* [Exercise instructions]: Reproduce, exactly and in full, only the lines below from the one containing "PE Leopard Print" through the one containing "Amazon｜ディベッド ソファベッド シングル パイプベッド 伸長式ベッド".

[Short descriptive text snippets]
◆ ◆ ◆ ◆ ◆
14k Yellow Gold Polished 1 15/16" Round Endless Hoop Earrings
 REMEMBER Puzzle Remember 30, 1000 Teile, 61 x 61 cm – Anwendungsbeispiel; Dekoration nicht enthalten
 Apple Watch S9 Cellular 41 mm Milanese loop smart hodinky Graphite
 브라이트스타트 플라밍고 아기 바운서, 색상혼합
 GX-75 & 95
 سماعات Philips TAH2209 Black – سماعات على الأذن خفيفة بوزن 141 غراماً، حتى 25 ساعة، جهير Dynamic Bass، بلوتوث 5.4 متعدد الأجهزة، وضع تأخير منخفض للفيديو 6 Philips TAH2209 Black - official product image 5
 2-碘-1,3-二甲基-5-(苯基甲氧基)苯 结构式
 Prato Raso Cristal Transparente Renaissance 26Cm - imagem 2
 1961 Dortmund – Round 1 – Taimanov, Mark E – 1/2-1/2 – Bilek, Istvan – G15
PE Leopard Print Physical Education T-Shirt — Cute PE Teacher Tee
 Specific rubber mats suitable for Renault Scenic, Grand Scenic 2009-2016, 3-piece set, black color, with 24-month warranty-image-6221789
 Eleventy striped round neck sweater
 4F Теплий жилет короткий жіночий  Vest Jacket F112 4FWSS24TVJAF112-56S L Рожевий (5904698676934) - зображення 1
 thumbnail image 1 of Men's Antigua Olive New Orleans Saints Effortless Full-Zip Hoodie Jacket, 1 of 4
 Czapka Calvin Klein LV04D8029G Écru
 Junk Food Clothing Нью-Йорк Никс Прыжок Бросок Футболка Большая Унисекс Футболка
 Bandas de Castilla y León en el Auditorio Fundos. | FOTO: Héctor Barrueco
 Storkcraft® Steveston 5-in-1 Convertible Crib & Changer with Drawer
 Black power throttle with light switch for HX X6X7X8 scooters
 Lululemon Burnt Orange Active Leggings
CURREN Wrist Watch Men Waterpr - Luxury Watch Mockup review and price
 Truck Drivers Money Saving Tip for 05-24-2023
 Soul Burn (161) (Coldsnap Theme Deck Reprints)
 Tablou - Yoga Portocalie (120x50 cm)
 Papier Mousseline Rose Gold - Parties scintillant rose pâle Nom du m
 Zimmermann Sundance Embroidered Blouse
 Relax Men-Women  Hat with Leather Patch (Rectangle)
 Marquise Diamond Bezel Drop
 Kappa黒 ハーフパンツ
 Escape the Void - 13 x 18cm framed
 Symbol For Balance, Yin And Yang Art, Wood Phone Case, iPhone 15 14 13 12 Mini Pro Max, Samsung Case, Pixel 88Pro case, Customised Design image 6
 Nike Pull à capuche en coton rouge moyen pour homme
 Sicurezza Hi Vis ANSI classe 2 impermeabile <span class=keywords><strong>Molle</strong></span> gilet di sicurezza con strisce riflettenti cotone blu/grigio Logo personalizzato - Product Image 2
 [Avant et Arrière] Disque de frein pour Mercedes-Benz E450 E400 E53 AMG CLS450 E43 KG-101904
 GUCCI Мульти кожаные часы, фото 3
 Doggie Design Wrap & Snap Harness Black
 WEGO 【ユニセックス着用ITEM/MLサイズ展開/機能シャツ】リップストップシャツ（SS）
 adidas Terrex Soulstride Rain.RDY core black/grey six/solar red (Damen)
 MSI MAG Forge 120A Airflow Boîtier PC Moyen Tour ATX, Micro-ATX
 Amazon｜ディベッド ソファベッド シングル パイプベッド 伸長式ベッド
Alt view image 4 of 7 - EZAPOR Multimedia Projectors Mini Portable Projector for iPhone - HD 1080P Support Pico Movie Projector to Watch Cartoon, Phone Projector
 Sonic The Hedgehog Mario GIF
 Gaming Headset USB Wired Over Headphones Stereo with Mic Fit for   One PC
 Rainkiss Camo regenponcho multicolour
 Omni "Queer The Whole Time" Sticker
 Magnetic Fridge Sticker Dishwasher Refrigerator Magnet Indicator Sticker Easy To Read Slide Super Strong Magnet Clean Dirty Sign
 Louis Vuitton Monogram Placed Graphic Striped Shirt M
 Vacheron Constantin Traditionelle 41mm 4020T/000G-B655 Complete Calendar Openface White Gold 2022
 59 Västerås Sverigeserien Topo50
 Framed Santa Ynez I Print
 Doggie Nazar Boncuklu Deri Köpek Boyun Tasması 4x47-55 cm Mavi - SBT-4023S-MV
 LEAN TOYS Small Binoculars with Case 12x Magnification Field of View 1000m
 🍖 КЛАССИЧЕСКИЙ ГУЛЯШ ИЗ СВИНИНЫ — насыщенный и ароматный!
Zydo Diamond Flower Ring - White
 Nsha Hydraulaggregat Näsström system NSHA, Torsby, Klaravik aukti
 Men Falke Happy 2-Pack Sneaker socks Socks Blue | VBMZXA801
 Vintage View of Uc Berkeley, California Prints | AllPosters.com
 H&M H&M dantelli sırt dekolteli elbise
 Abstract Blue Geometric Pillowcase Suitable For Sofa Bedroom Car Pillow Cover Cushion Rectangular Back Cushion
◆ ◆ ◆ ◆ ◆
* [Problem solution]:
PE Leopard Print Physical Education T-Shirt — Cute PE Teacher Tee
 Specific rubber mats suitable for Renault Scenic, Grand Scenic 2009-2016, 3-piece set, black color, with 24-month warranty-image-6221789
 Eleventy striped round neck sweater
 4F Теплий жилет короткий жіночий  Vest Jacket F112 4FWSS24TVJAF112-56S L Рожевий (5904698676934) - зображення 1
 thumbnail image 1 of Men's Antigua Olive New Orleans Saints Effortless Full-Zip Hoodie Jacket, 1 of 4
 Czapka Calvin Klein LV04D8029G Écru
 Junk Food Clothing Нью-Йорк Никс Прыжок Бросок Футболка Большая Унисекс Футболка
 Bandas de Castilla y León en el Auditorio Fundos. | FOTO: Héctor Barrueco
 Storkcraft® Steveston 5-in-1 Convertible Crib & Changer with Drawer
 Black power throttle with light switch for HX X6X7X8 scooters
 Lululemon Burnt Orange Active Leggings
CURREN Wrist Watch Men Waterpr - Luxury Watch Mockup review and price
 Truck Drivers Money Saving Tip for 05-24-2023
 Soul Burn (161) (Coldsnap Theme Deck Reprints)
 Tablou - Yoga Portocalie (120x50 cm)
 Papier Mousseline Rose Gold - Parties scintillant rose pâle Nom du m
 Zimmermann Sundance Embroidered Blouse
 Relax Men-Women  Hat with Leather Patch (Rectangle)
 Marquise Diamond Bezel Drop
 Kappa黒 ハーフパンツ
 Escape the Void - 13 x 18cm framed
 Symbol For Balance, Yin And Yang Art, Wood Phone Case, iPhone 15 14 13 12 Mini Pro Max, Samsung Case, Pixel 88Pro case, Customised Design image 6
 Nike Pull à capuche en coton rouge moyen pour homme
 Sicurezza Hi Vis ANSI classe 2 impermeabile <span class=keywords><strong>Molle</strong></span> gilet di sicurezza con strisce riflettenti cotone blu/grigio Logo personalizzato - Product Image 2
 [Avant et Arrière] Disque de frein pour Mercedes-Benz E450 E400 E53 AMG CLS450 E43 KG-101904
 GUCCI Мульти кожаные часы, фото 3
 Doggie Design Wrap & Snap Harness Black
 WEGO 【ユニセックス着用ITEM/MLサイズ展開/機能シャツ】リップストップシャツ（SS）
 adidas Terrex Soulstride Rain.RDY core black/grey six/solar red (Damen)
 MSI MAG Forge 120A Airflow Boîtier PC Moyen Tour ATX, Micro-ATX
 Amazon｜ディベッド ソファベッド シングル パイプベッド 伸長式ベッド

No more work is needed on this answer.